# fob worried csa will backdate the claim



## 21Rach

I dunno why i'm asking on his behalf after the things he says but anyway here it goes, we split on the 1st of this month. He's worrying. He has to move out this week, and has a lot of outgoings, his mum has bought lots and lots for the baby, and he's spent £25 on a heater, bought a sleepbag, and given me £10 this month for our son also.. He's worrying that the claim will get backdated. Now i was happy to settle it without taking it to the csa, because i'd heard it would cost him more and tbh i don't want to make life harder for him than it has to be i appreciate he is struggling as well as i am, he has however spent money on going out a LOT this month, what he hasn't paid for the baby his mum has so baby hasn't gone without, which is my priority. CSA asked me if he was paying weekly agreed amount of cash, also they asked date we split. Do you think they would be likely to backdate in these circumstances?


----------



## MissEfendi

The CSA will only make claims from the date of your application, they do not backdate any longer. So if you make your claim on the 1st of April, they will usually make the claim from that week onwards.

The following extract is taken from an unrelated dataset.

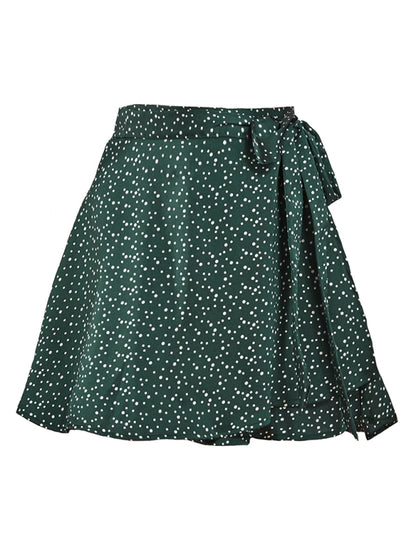 High Waist Wrap Skirt Women Tie Chiffon Satin Mini Skirt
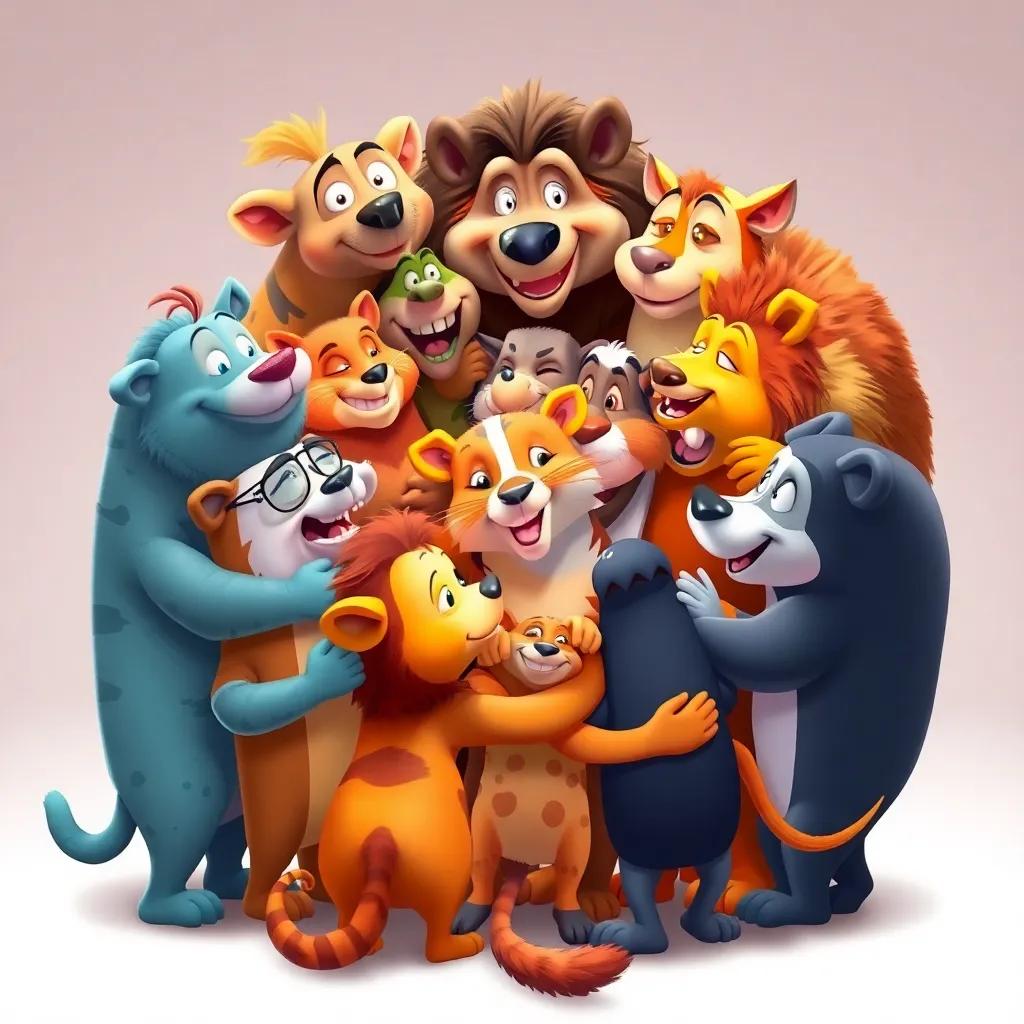 Un abrazo grupal entre todos los animales, riendo y disfrutando, un gran círculo de amistad, arte vibrante, ilustre la unión, alta calidad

You can also cancel your claim with CSA at anytime and say that you have a private agreement in place, though if he does not pay, you can go back to the CSA at any time.


----------



## tinkabells

I've heard though if you cancel 3 times or more because of private agreement and then he doesnt pay you, they can then charge a fee because of having to reinstate everything everytime it gets cancelled and then recliamed again, but dont hold me to that xxx


----------



## Laura2919

They dont backdate the claim but I have spoken to you about it and I think you need to go to CSA!


----------



## purpledahlia

Thy dont backdate to the baby's birth date, (altho they should!) But to when you make the claim or when they make contact with him, Why should he worry?! he is the father and should step up to his responsibility not have his mum do it for him? its not her child! If he is trustworthy then set an agreement up, if he isnt, go to CSA. Thats if you want him to pay that is,


----------